Tullock also talks of the potential for corner solutions based on different orderings of the size of the gain of the egoist, damage to the altruist and transfer from the altruist. He notes that Becker’s scenario can only occur where the damage inflicted on the donor is greater in size than the gift that would be given to the egoist in the absence of damage, which is greater than the gain to the egoist from damaging the altruist. This is only one of six possible orderings (although two of the others involving no or almost no harm to the altruist are the most common).

Becker’s reply to Tullock is sharp. “Although Tullock’s comment is much longer than Hirshleifer’s, it is less focused and less useful, and my response shall be brief.” His dismissal of Tullock’s argument is largely on the basis that Becker is not seeking to explain altruism to people 1,000 miles away, but rather to kin and close neighbours about whom the altruist will have more knowledge. Further, while this is a restrictive class, Becker (rightfully) considers it an important one.
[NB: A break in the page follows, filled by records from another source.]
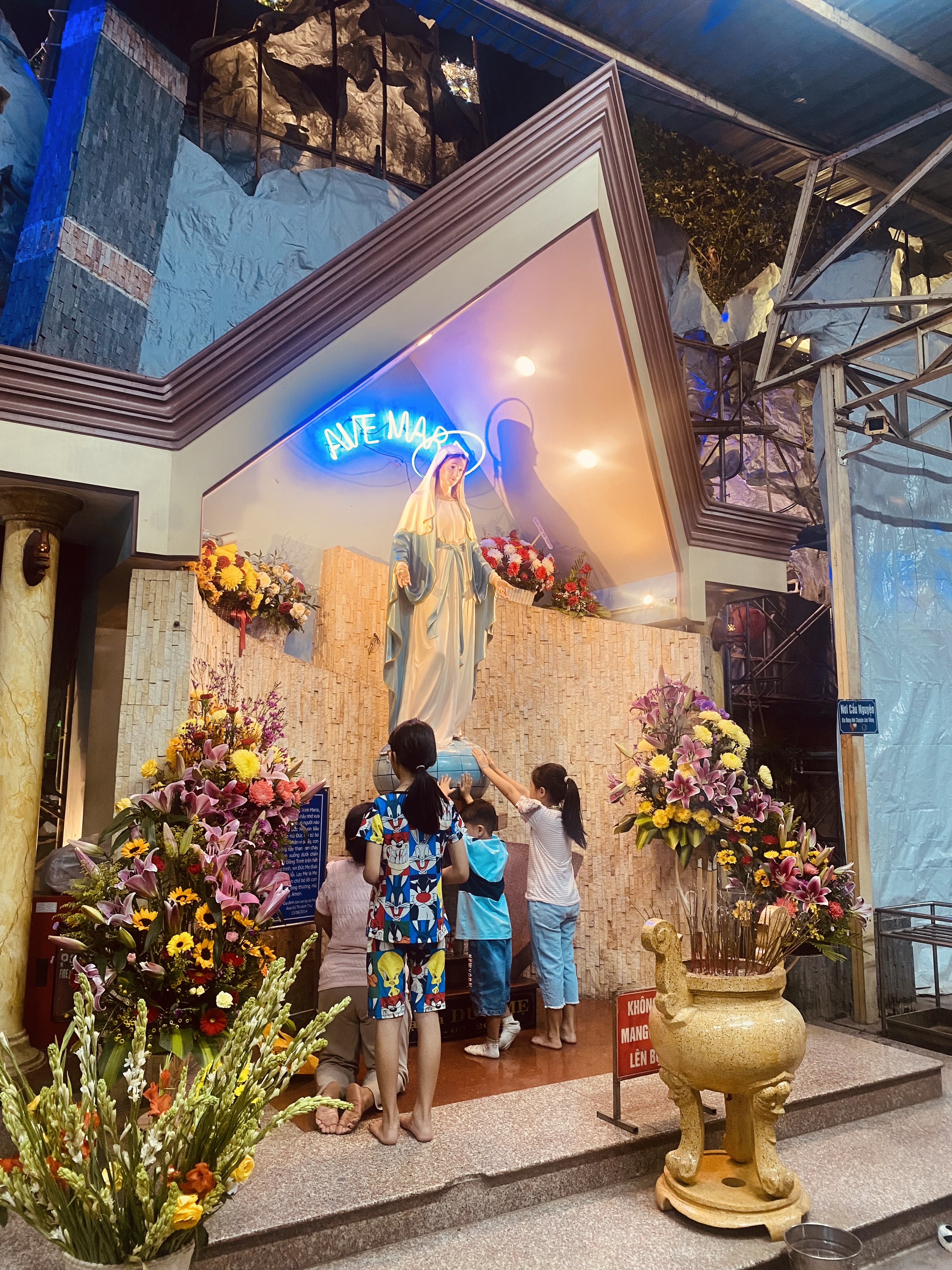 Hành hương đến với Mẹ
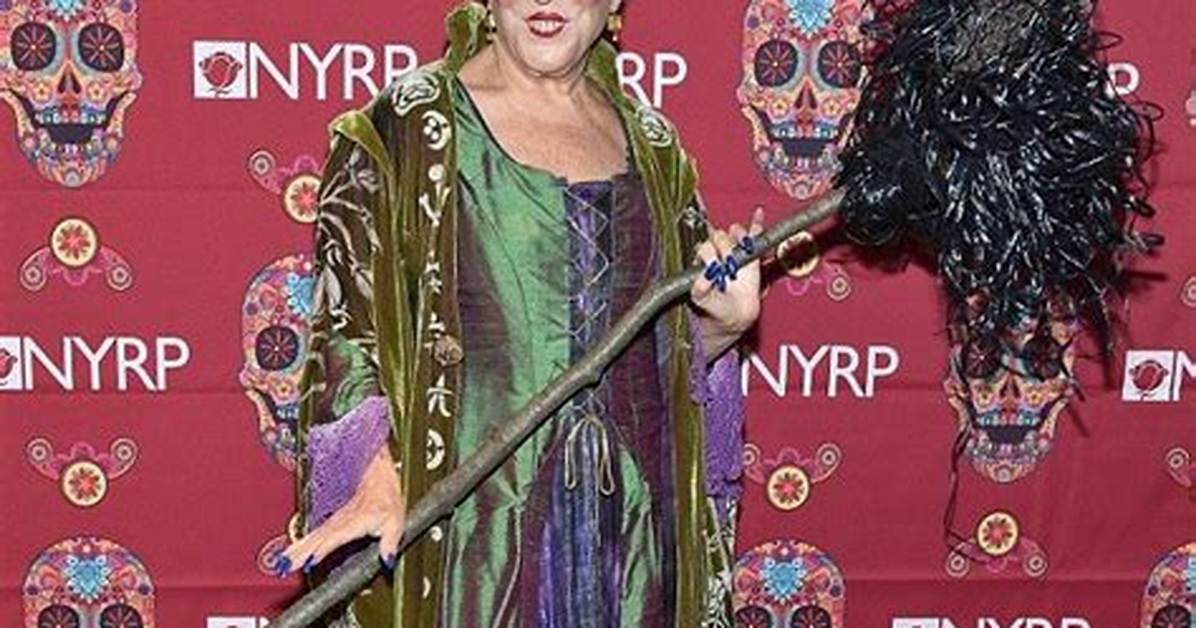 Bette Midler Dresses as Her Hocus Pocus Character for Halloween Party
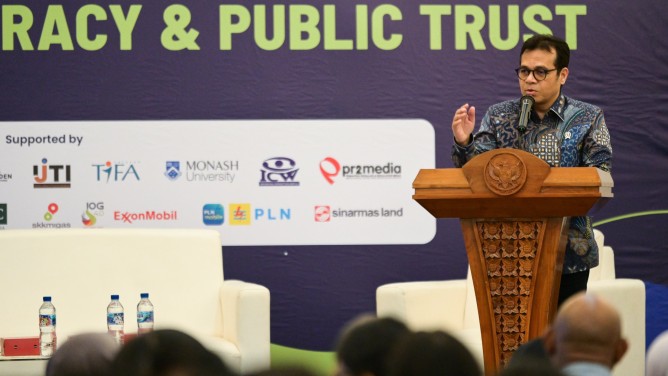 Hari Kebebasan Pers Sedunia, Wamen Nezar Patria Serukan Media Nasional Temukan Model Bisnis Baru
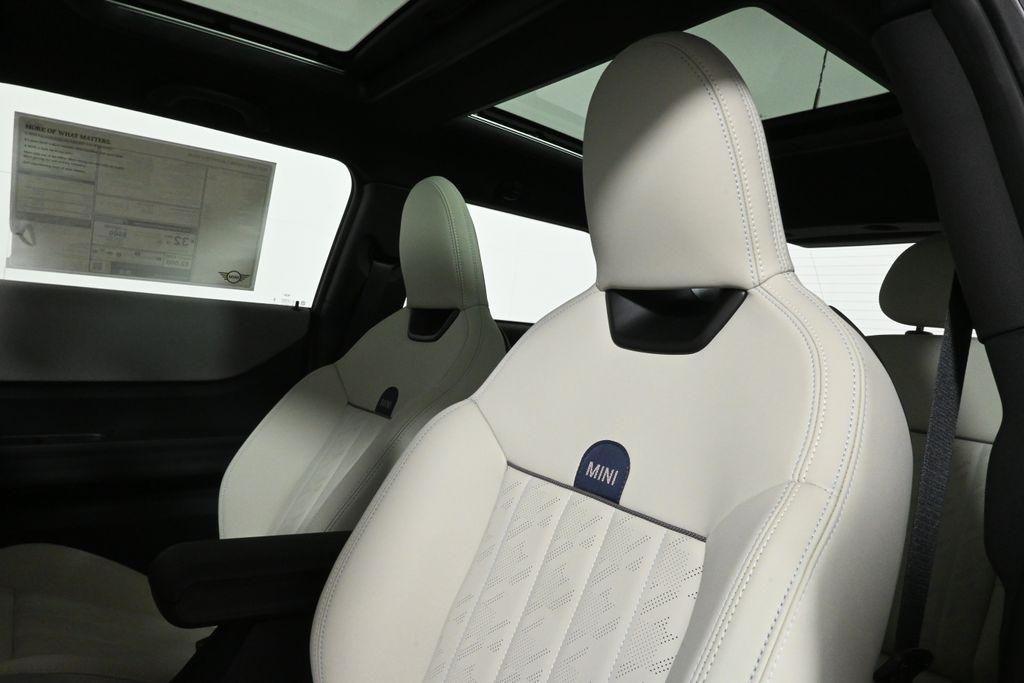 used 2025 MINI Hardtop car, priced at $32,599
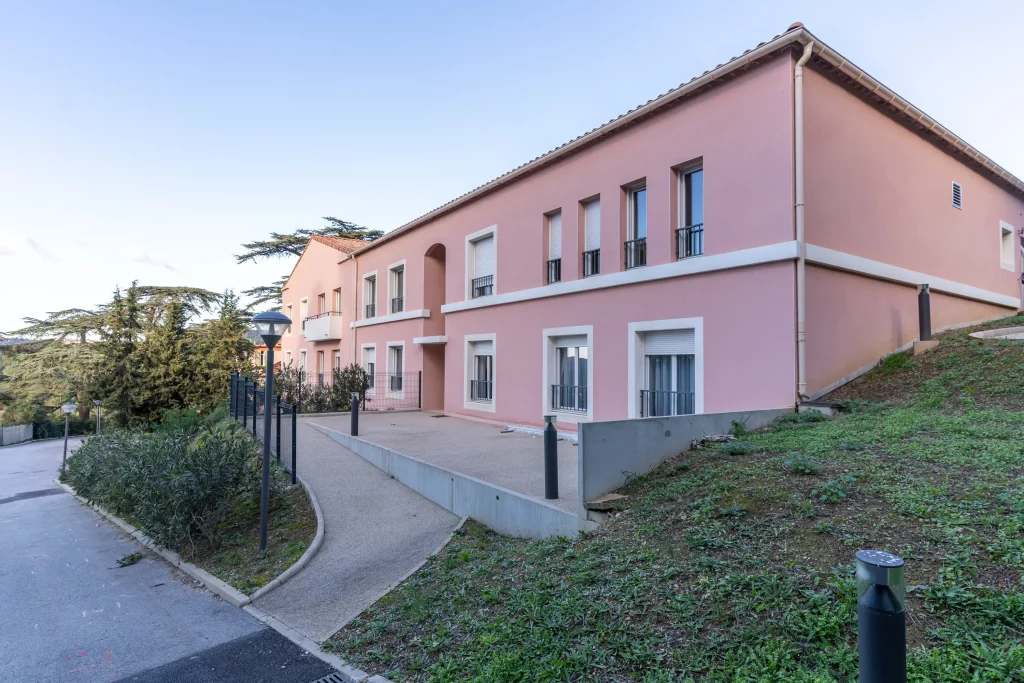 Maison de retraite médicalisée EHPAD Castelet Notre-Dame à Roquefort-la-Bédoule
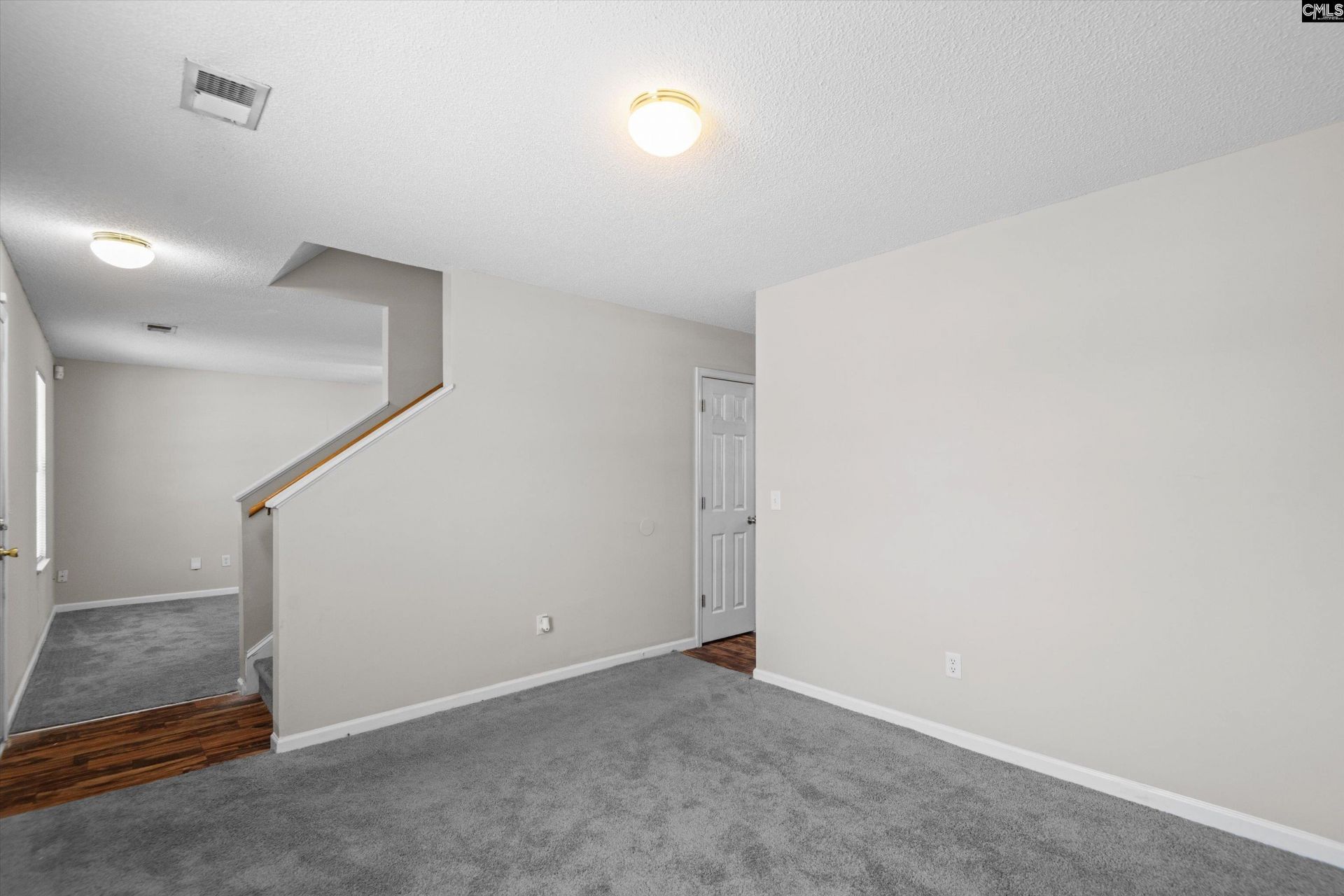 5 Sterling Ridge Court  Photo 9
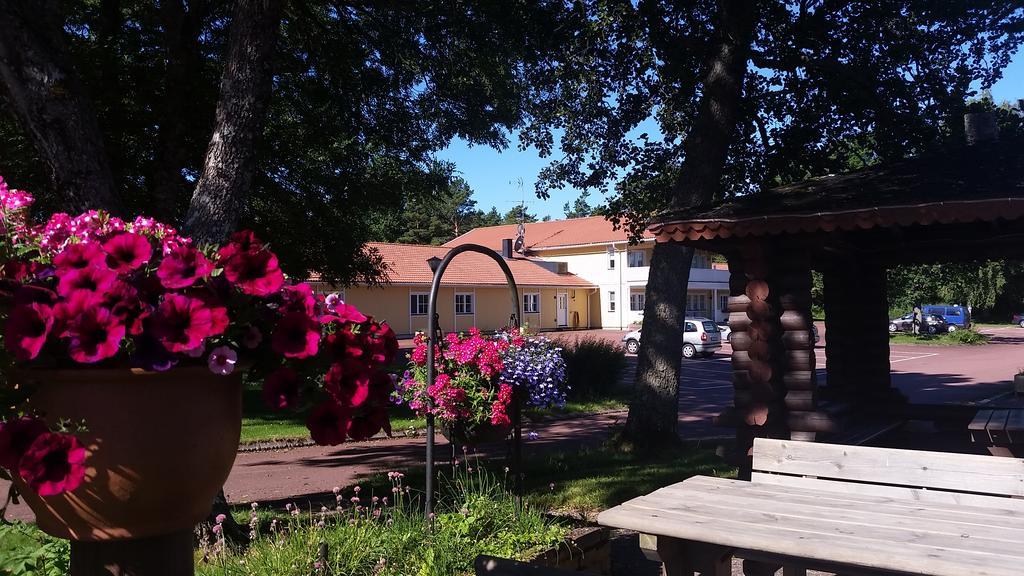 Basto Hotel & Stugby Palsbole Экстерьер фото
Becker’s point on knowledge of kin and neighbours does not completely nullify Tullock’s, as parents have imperfect knowledge of their children. That same criticism could be applied to kin selection, which requires some degree of understanding of what actions will benefit kin. However, Tullock may be comfortable that the criticism would also apply to kin selection given that he prefers group selection based explanations of altruism and cooperation.